Gli fa eco Jan Bernas: abbiamo fatto la storia, riuscendo a far conoscere al grande pubblico italiano il dramma delle foibe, degli esuli e dei rimasti italiani.

Proprio l’entusiastica approvazione che l’intelligenzija dell’Unione Italiana – i cui vertici si formarono, giova ricordarlo, alle scuole di partito titine, negli anni in cui l’Unione degli Italiani dell’Istria e di Fiume era una costola del Partito Comunista Jugoslavo – ha tributato al Magazzino 18 andato in scena gratuitamente, opportunamente modificato e rivisto per pubblica ammissione dello stesso Cristicchi, nei teatri della costa occidentale istriana sotto il patrocinio dell’Università Popolare di Trieste e del Ministero degli Affari Esteri, suggella la nostra convinzione della totale inaccettabilità del testo dello spettacolo, poiché è impossibile che i veri esuli possanno approvare in qualsiasi forma la vulgata dei rimasti sulle vicende del Confine Orientale, la quale confligge da sempre con la verità storica e con i dati di fatto. L’impossibilità di condividere sinceramente financo la Memoria dei Caduti, troppe volte sperimentata nell’ultimo ventennio, ne è la testimonianza più lampante ed incontrovertibile.

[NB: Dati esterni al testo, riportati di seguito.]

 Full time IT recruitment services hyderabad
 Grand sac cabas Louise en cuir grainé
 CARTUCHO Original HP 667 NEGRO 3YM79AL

Rimane una sola amarezza, recentemente valutata e condivisa con il presidente Lacota: l’aver concesso, come Unione degli Istriani, il nulla osta di alcune immagini dell’archivio storico per esigenze di scena, senza aver avuto modo di leggere il testo finale del copione (quello, cioé, già rimaneggiato alla vigilia della prima grazie alle sacrosante rimostranze sollevate proprio dalla nostra Unione).